CORPUS CHRISTI, Texas — Thunderstorms moved through south Texas Monday night and gave Corpus Christi a nice light show as lightning lit up the evening sky.
Basically, lightning is a giant spark of electricity in the atmosphere between clouds, the air, or the ground as opposite electrical charges build.
Thunderstorms are very turbulent environments with updrafts and downdrafts which carry water droplets and ice crystals through the cloud. This causes a separation of charges in the cloud with a negative charge at the bottom of the cloud and positive at the top.
As positive and negative charges begin to separate within the cloud, an electric field is generated between its top and base. Further separation of these charges into pools of positive and negative regions results in a strengthening of the electric field.
In the early stages of development, air acts as an insulator between the positive and negative charges in the cloud and between the cloud and the ground. When the opposite charges build up enough, this insulating capacity of the air breaks down and there is a rapid discharge of electricity that we know as lightning.

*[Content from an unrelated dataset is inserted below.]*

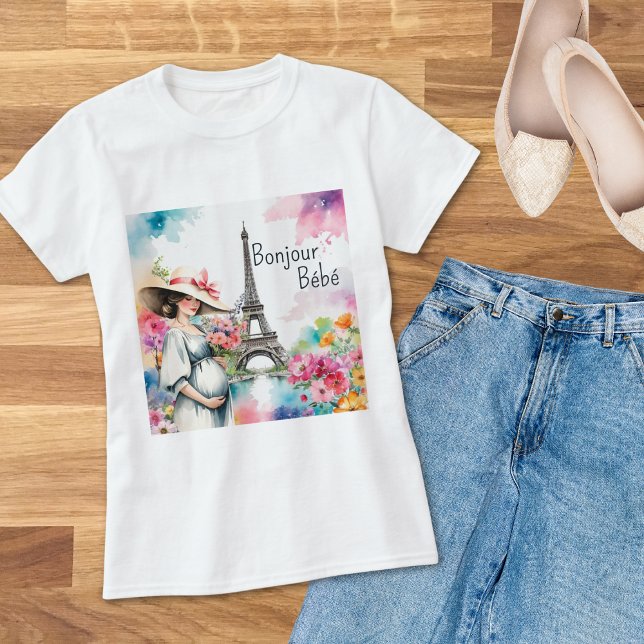 Bonjour Bebe Floral Eiffel Tower Paris Mum To Be T-Shirt (Creator Uploaded)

The flash of lightning temporarily equalizes the charged regions in the atmosphere until the opposite charges build up again.
The electric field within the storm is not the only one that develops. Below the negatively charged storm base, positive charge begins to pool within the surface of the earth.
This positive charge will shadow the storm wherever it goes, and is responsible for cloud-to-ground lightning. However, the electric field within the storm is much stronger than the one between the storm base and the earth's surface, so most lightning occurs within the storm cloud itself.